そして次の日の朝、また突然に私は叩き起こされ、


「引っ越すぞ!!」


マモルが再び衝撃発表を伝え、その夜には遥か西の知らない都会のマンションの一室、布団しか無い空っぽで不思議と落ち着くリビングの真ん中で、マモルを中心に三人で川の字に並んで毛布にくるまっていた。

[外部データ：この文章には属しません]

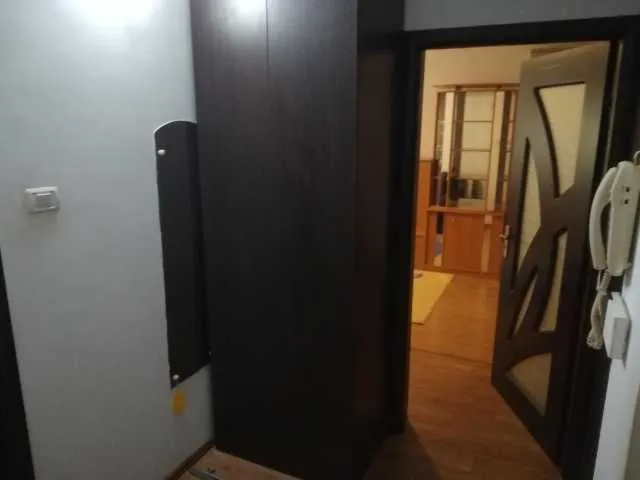 Propietar vand apartament 2 camere Constanta - Imaginea 6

「ナナ……いや、マモル、って……本当はこんな感じのキャラだったの……?」


何もかもが勢い任せのようなマモルに驚きを隠せずに、つぶやくように私が尋ねると、


「あぁ!

なんかすごいお父さんらしいだろ!?

そこらの男より男らしいだろ!?」


「まぁ元々あたしと二人でいる時はこんな感じだったんだけどねぇ、外見も揃ったらいよいよ我慢できなくなったみたい」


二人が同時に答え、顔を見合わせて笑うとまたキスをした。


「っていうか……アカリはどういう感覚なの……?

前の結婚相手は普通の男でしょ……?

でもマモル……は……ずっと女だったわけで……」


私の前でのスキンシップは元々多い方だったが、マモルはそれもいよいよ我慢できなくなったらしく、私が喋っている間にもさらに何度かキスをした。

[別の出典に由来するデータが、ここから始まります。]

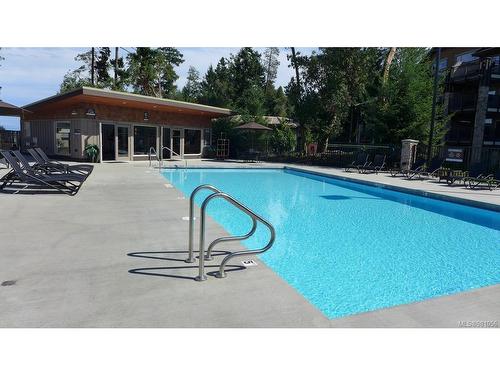 126E-1175 Resort Dr, Parksville, BC - Outdoor With In Ground Pool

「うぅーん、だから、元々あたしといる時は昔からこんな感じだったのよ。

あたしもそれであんまり違和感も無くて、むしろだんだんナナの体が女の子になっていくことに違和感を覚えてたわ。

だから、今はとってもしっくり来る気持ち。

やっとマモルに戻れたんだって。

生まれた時からずっとナナという別の自分の着ぐるみを着せられてたんだものね」


「あぁ、ずいぶん重い着ぐるみだったな。

やっと脱げて、身も心も軽い軽い。

これでミキも安心して学校行けるしな」


「……?

私のせい……?

私を学校に行かせるために、わざわざ苦しい手術までして引っ越しまでして……?」


背を向けてそうつぶやいた私を、背後からマモルが強く抱き締めてきた。


「さっきから言ってるだろ?

生まれた時からずっと、なんだよ。

俺は男で、なのにずっと女の着ぐるみを着せられてたんだ。

これが本来のあるべき姿なんだよ。

これは俺が望んだことで、お前のせいなんかじゃない。

むしろお前のおかげと言うべきなんだ。

お前のおかげで、やっと俺も本気で闘う決心がついた。

ありがとな。

やっと堂々と自分をミキの父親だって言うことができる。

おっと、もちろんその前に、アカリの夫でもあるけどな」


そう言って私を抱き締めながら首だけ振り返ると、またマモルとアカリはキスをした。